Although Lawrence Casper Boles died in 1945 at the age of 62, he remains the dominant individual that I have encountered on the Wayne County sports scene. Boles was an outstanding golfer, but his fame did not rest on his ability as an athlete. In fact he did not participate in inter-collegiate sports at Ohio Wesleyan.
It was through some magic of chemistry that L.C. Boles was able, in the words of one of his College of Wooster football players, “to create a desire in people to rise above themselves.” This ability surfaced early in his high school coaching career. In six years at Fostoria (Ohio) High School, his football teams were 47-4-2, and were acclaimed state champs in five of the six seasons. His 1912 squad, which ran 596 points to exactly zero for the opponents, was regarded as the top scholastic team in the nation.
Boles took over the Wooster helm when the sports picture was at a low ebb. He handled baseball, basketball, golf and track, but it was on the gridiron that his genius shone most brilliantly. Over a 24-year span, beginning in 1915, his teams won 134, tied 19, and lost only 50.
During one incredible stretch, from 1917 through 1923, his machines won 52 of 59 games. Three were ties and only four were losses. To make it just a little more staggering, the Bolesmen scored 1179 points against 110 and whitewashed their opponents in 43 of those 59 contests. Perhaps his most memorable game was the 7-7 tie at Ohio State in the fall of 1924.

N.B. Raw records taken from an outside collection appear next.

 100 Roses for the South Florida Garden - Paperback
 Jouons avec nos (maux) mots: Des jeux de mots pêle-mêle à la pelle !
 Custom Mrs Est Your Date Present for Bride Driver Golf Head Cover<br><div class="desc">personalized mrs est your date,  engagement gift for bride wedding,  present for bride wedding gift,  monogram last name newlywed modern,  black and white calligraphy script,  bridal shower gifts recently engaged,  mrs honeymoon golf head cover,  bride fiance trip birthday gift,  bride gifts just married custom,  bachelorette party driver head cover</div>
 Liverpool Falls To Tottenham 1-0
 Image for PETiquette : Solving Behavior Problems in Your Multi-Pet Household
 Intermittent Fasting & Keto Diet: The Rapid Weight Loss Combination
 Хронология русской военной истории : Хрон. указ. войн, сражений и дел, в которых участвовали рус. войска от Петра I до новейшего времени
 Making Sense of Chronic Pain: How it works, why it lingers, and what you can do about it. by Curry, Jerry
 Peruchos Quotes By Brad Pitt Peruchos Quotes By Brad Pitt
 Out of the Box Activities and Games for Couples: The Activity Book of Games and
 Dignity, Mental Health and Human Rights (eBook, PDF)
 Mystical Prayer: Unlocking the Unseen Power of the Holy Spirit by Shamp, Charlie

While Boles was originally a one-man gang, he had the knack of choosing highly qualified assistants who carried the Wooster torch with remarkable effect. Mose Hole, Carl Munson, Art Murray and John Swigart were all selected by Boles. Those four coaches served a total of 165 years for The College of Wooster and touched the lives of thousands of young people.

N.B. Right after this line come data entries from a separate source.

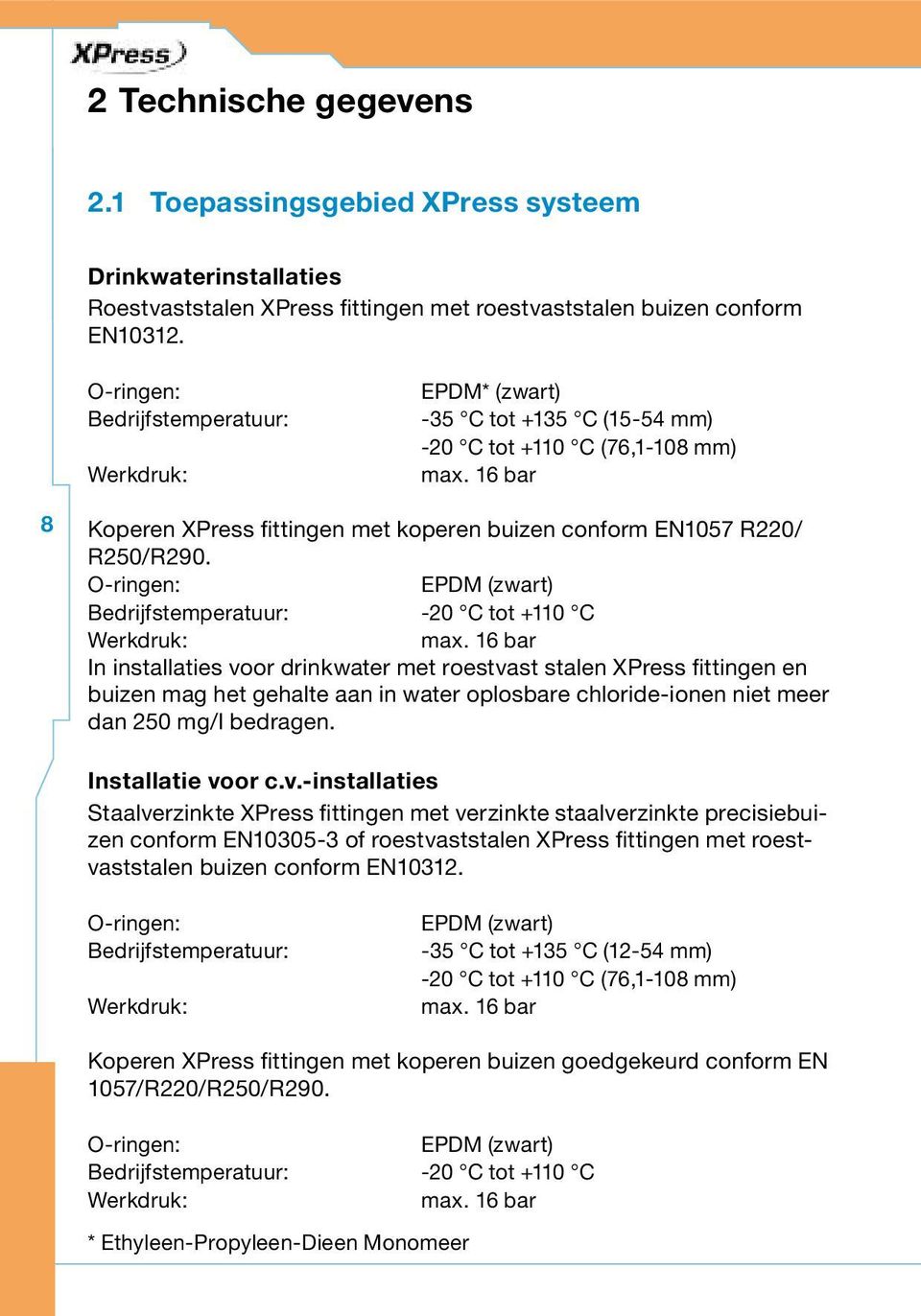 16 bar 8 Koperen XPress fittingen met koperen buizen conform EN1057 R220/ R250/R290. O-ringen: EPDM (zwart) Bedrijfstemperatuur: -20 C tot +110 C Werkdruk: max.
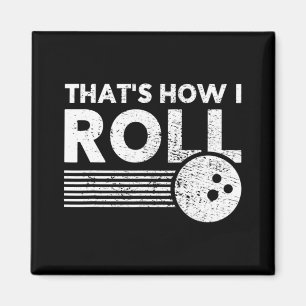 Dat is hoe ik Fun Bowling voor mannen en K Magneet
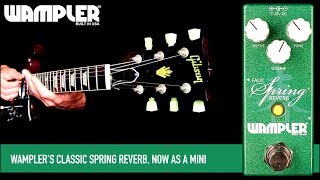 Video thumbnail for Wampler Faux Spring Reverb by Mike Hermans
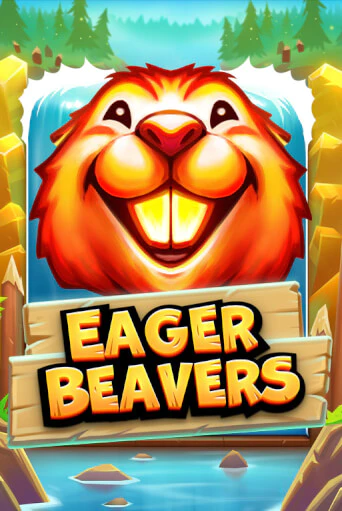 Демо игра Eager Beavers без регистрации | Champion Slots BY 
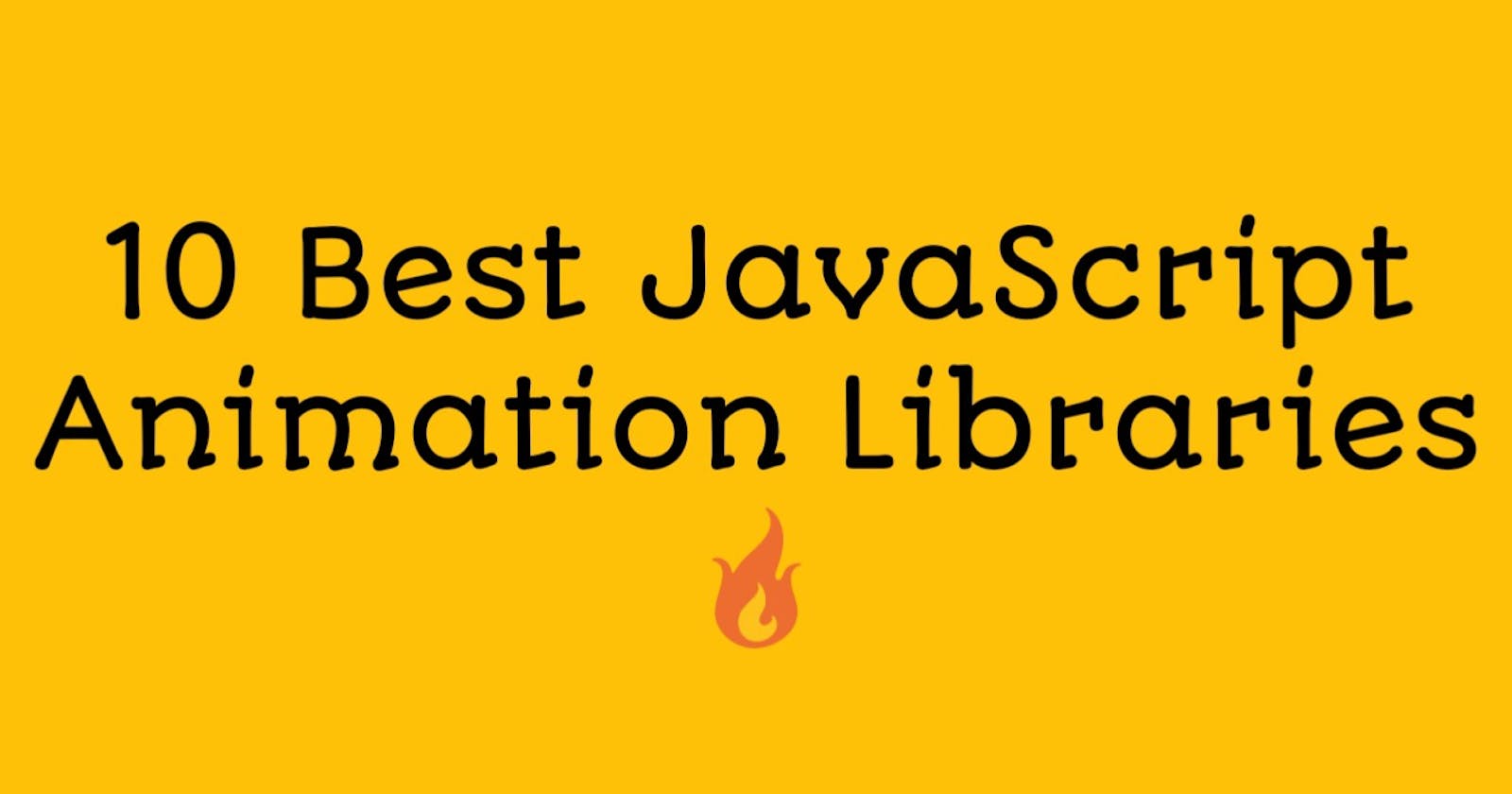 10 Best JavaScript Animation Libraries 🔥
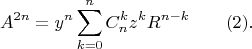 $$A^{2n}=y^n\sum \limits _{k=0}^nC^k_nz^kR^{n-k}\qquad (2).$$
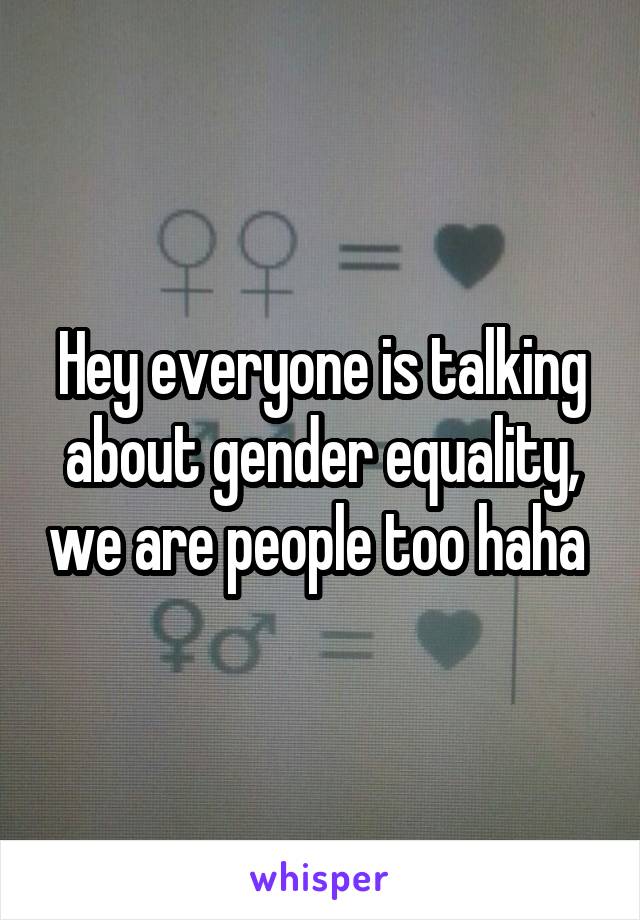 Hey everyone is talking about gender equality, we are people too haha 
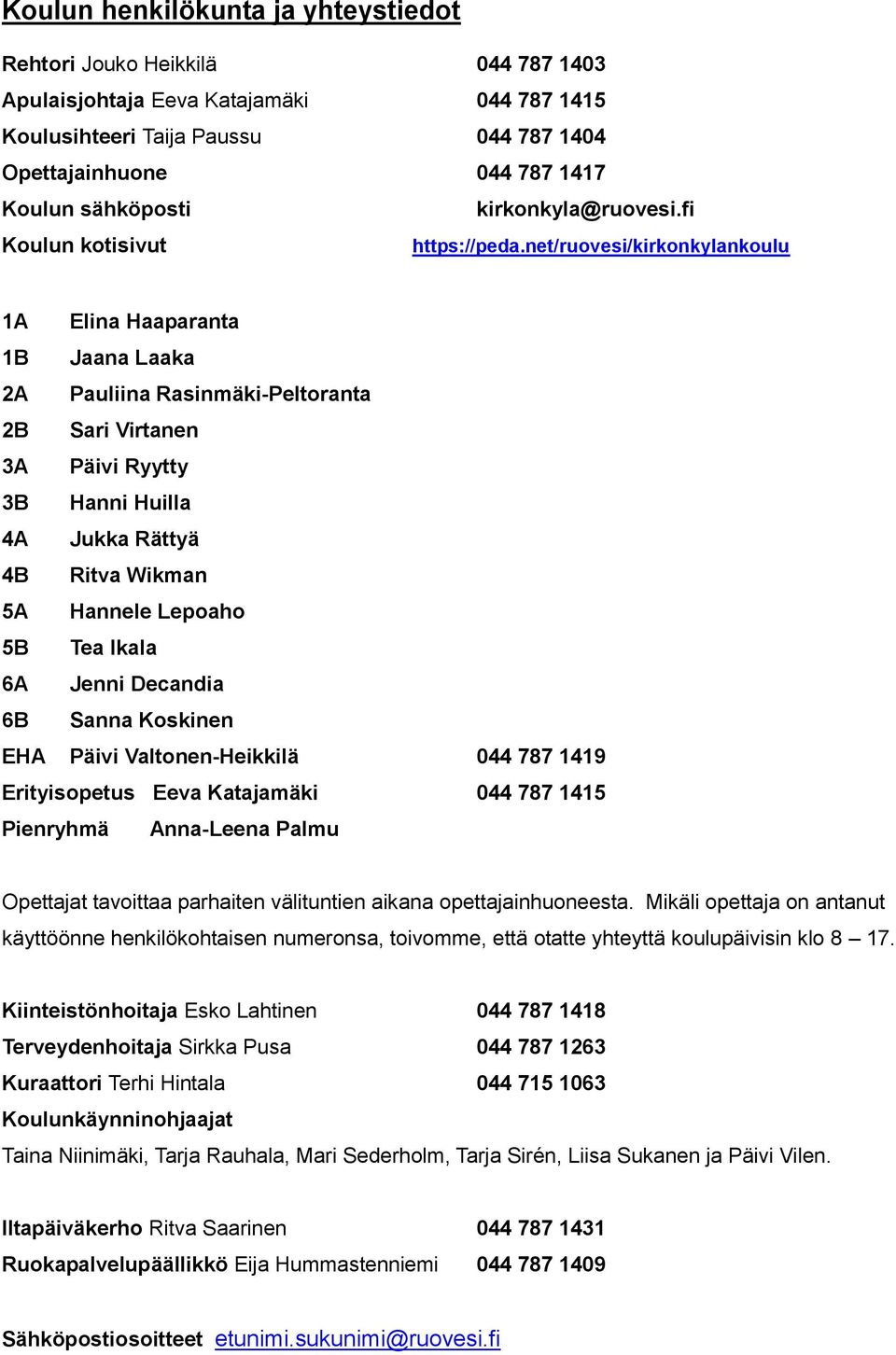 net/ruovesi/kirkonkylankoulu 1A Elina Haaparanta 1B Jaana Laaka 2A Pauliina Rasinmäki-Peltoranta 2B Sari Virtanen 3A Päivi Ryytty 3B Hanni Huilla 4A Jukka Rättyä 4B Ritva Wikman 5A Hannele Lepoaho 5B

Boles combined the qualities of integrity, sincerity and understanding, coupled with initiative and perseverance. He was a sportsman who simply would not tolerate anything that was not above reproach.
L.C. Boles did, indeed, cast such a shadow that his works did not diminish following his death. To the knowledgeable sports follower, the passing of time merely increased his stature.